- Also known as: Frontera
- Origin: Edinburg, Texas, U.S.
- Genres: Regional Mexican; Tejano; Northeastern Norteño; cumbia; country en Español;
- Years active: 2022–present
- Label: VHR Music
- Members: Adelaido "Payo" Solís III; Juan Javier Cantú; Julian Peña Jr.; Alberto "Beto" Acosta; Carlos Guerrero;
- Past members: Carlos Zamora; Brian Ortega;
- Website: grupo-frontera.com

= Grupo Frontera =

Regional Mexican band

Grupo Frontera is an American regional Mexican band from Edinburg, Texas. The band currently consists of lead vocalist Adelaido "Payo" Solís III, accordionist and backing vocalist Juan Javier Cantú, congas player Julian Peña Jr., bajo quinto player Alberto "Beto" Acosta, and drummer Carlos Guerrero.

== Career ==
Grupo Frontera was formed in early 2022, originally performing at weddings and parties. This led them to release their debut EP in March of that year titled, En Vivo, Vol. 1. Their release includes covers of songs such as Vicente Fernández's "Estos Celos" and Diego Verdaguer's "La Ladrona". A month later, they released their second EP, containing a cover of Morat's "No Se Va" which eventually went viral on TikTok and would chart at the end of the year.

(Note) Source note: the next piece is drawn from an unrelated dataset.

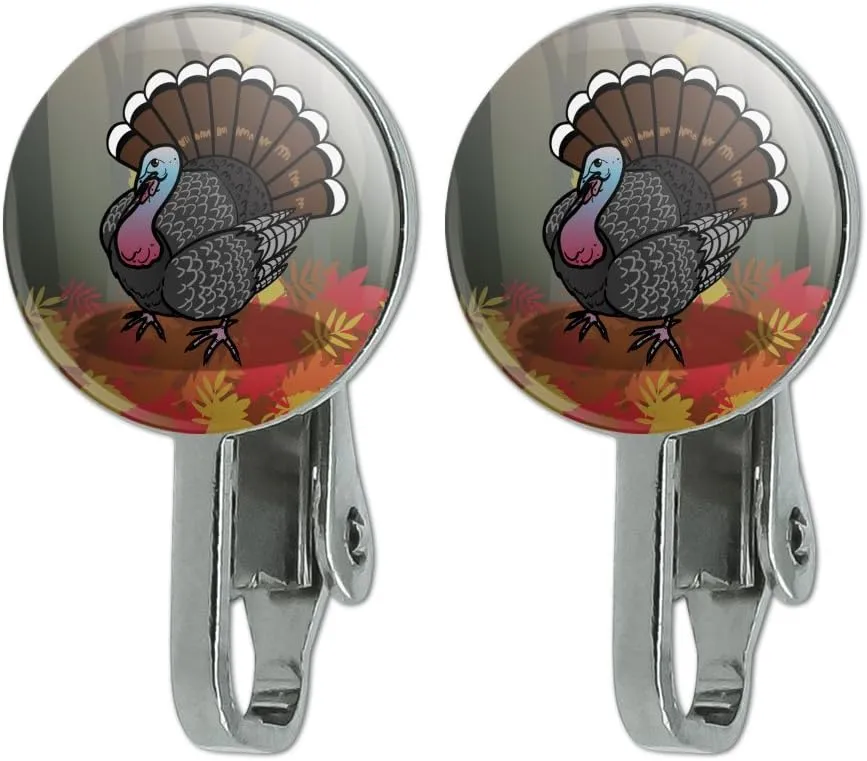 Turkey Thanksgiving Autumn Novelty Clip-On Stud Earrings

In December 2022, a second collaboration with Fuerza Regida, after "911 (En Vivo)", titled "Bebé Dame" reached number one on the Billboard Hot Latin Songs charts and peaked at number 25 on Billboard Hot 100, becoming their first top 40 hit.

Carlos Zamora, Grupo Frontera's original bassist, left the band in late 2022 and was replaced by Brian Ortega.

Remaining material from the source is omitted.